**Work instructions**
The whole listing, except its pictures, is to be repeated exactly.

**Provided data**
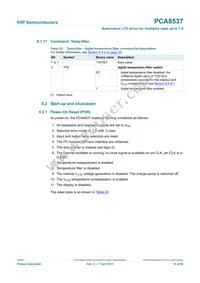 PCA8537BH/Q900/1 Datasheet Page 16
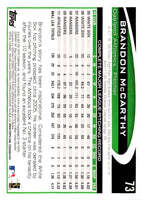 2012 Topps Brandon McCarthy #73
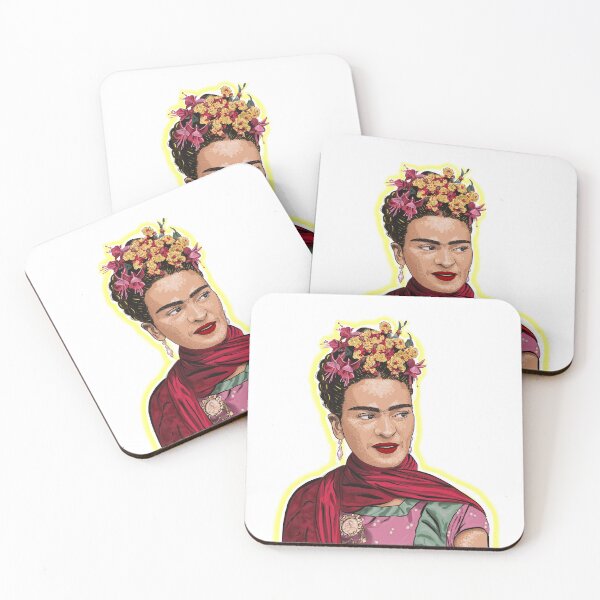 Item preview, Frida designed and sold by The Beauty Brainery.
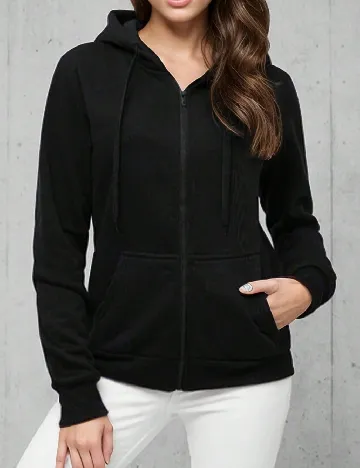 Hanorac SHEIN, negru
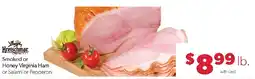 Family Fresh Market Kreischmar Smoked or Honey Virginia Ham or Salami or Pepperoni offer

**Solved problem**
 PCA8537BH/Q900/1 Datasheet Page 16
 2012 Topps Brandon McCarthy #73
 Item preview, Frida designed and sold by The Beauty Brainery.
 Hanorac SHEIN, negru
 Family Fresh Market Kreischmar Smoked or Honey Virginia Ham or Salami or Pepperoni offer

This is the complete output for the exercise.